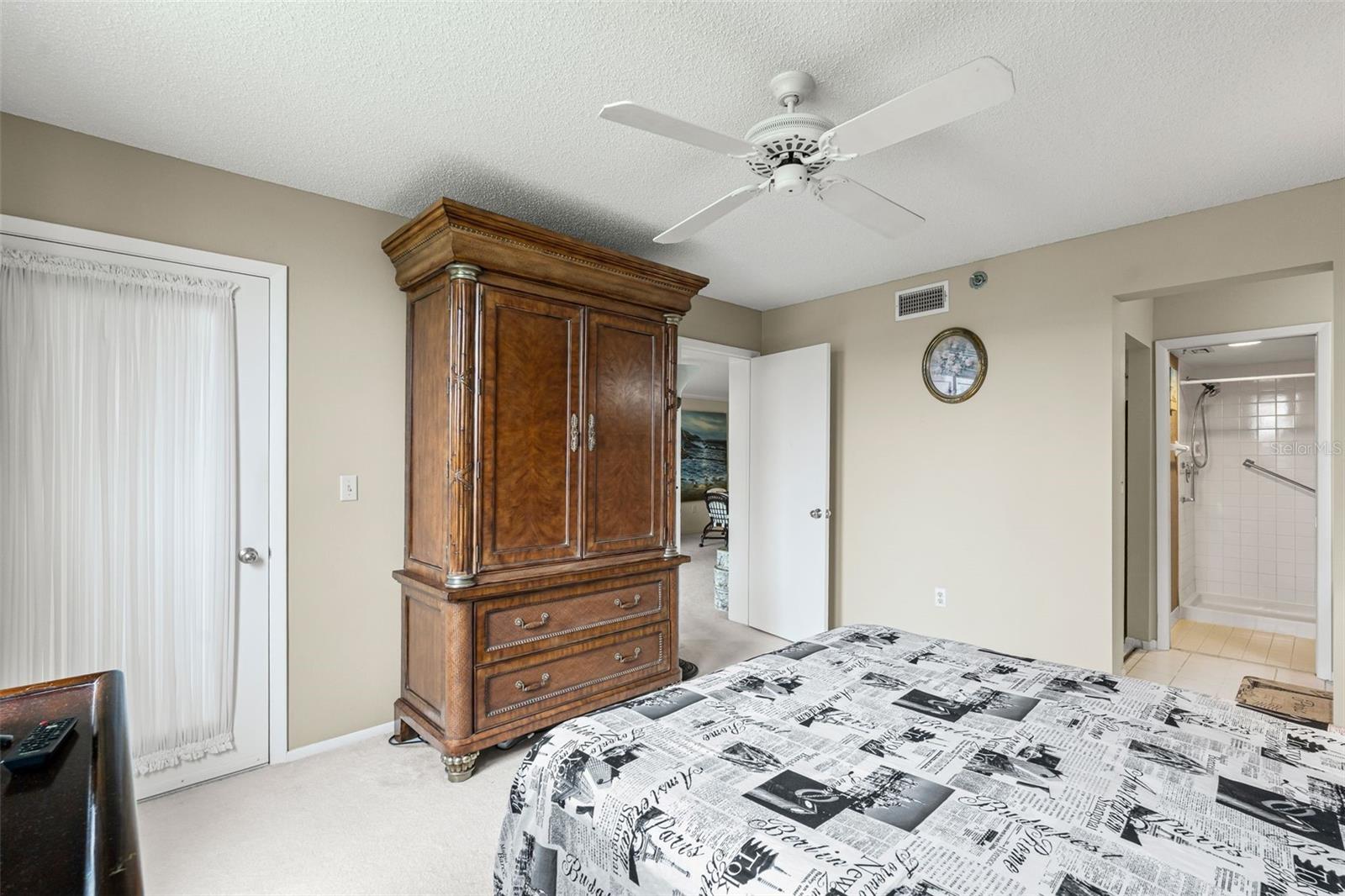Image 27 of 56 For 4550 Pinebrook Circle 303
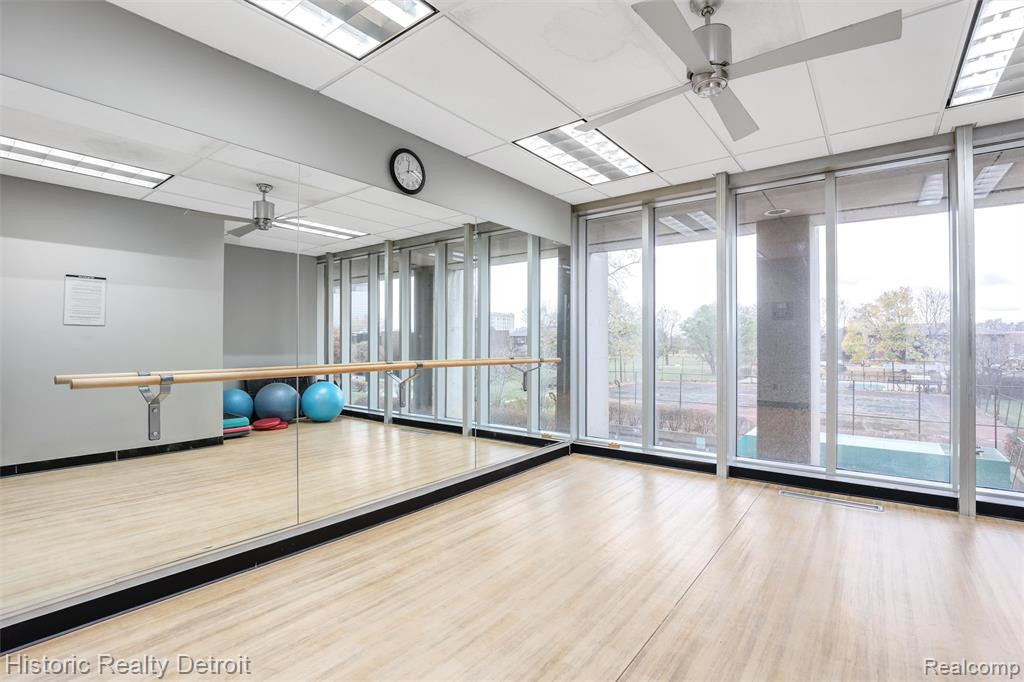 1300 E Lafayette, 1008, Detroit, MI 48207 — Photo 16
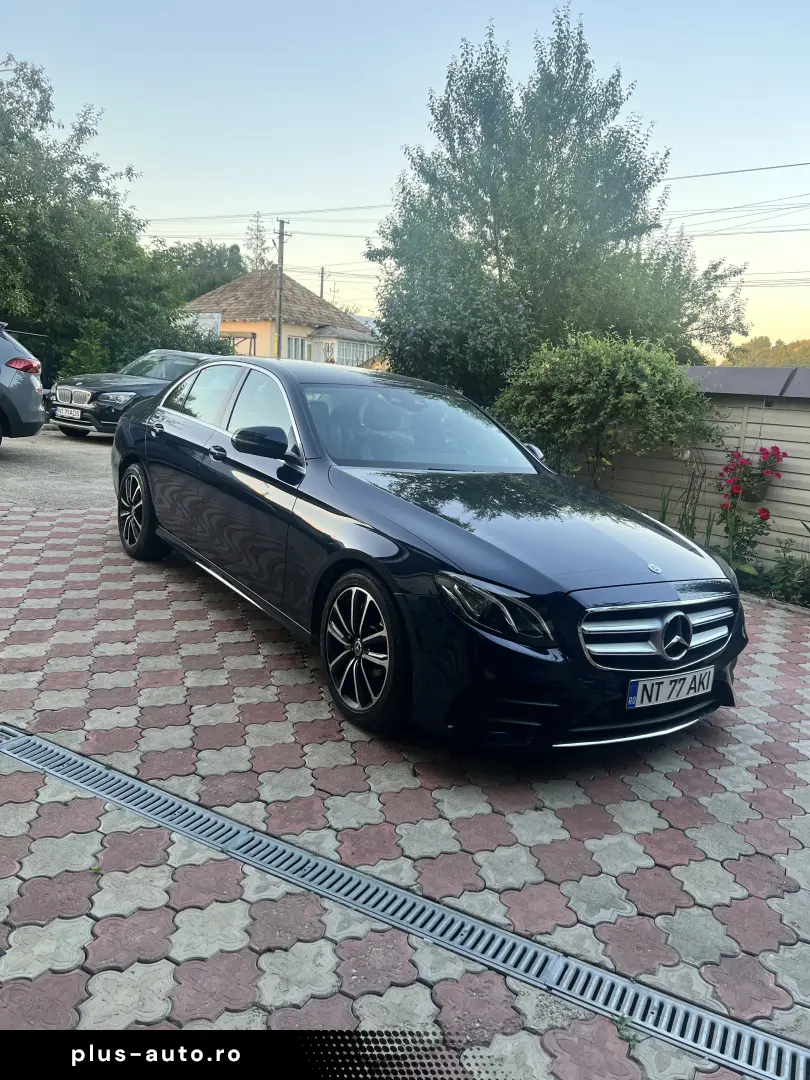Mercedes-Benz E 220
---+---
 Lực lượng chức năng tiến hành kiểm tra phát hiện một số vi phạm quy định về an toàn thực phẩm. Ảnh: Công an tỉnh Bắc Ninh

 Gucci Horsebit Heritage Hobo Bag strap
---+---
BRIEF - In the listing above, find the line containing "Image 27 of 56 For 4550 Pinebrook Circle 303" and the line containing "Mercedes-Benz E 220", then output those two lines and everything between them exactly as written, without the images.

RESULT OF THE EXERCISE -
Image 27 of 56 For 4550 Pinebrook Circle 303
 1300 E Lafayette, 1008, Detroit, MI 48207 — Photo 16
Mercedes-Benz E 220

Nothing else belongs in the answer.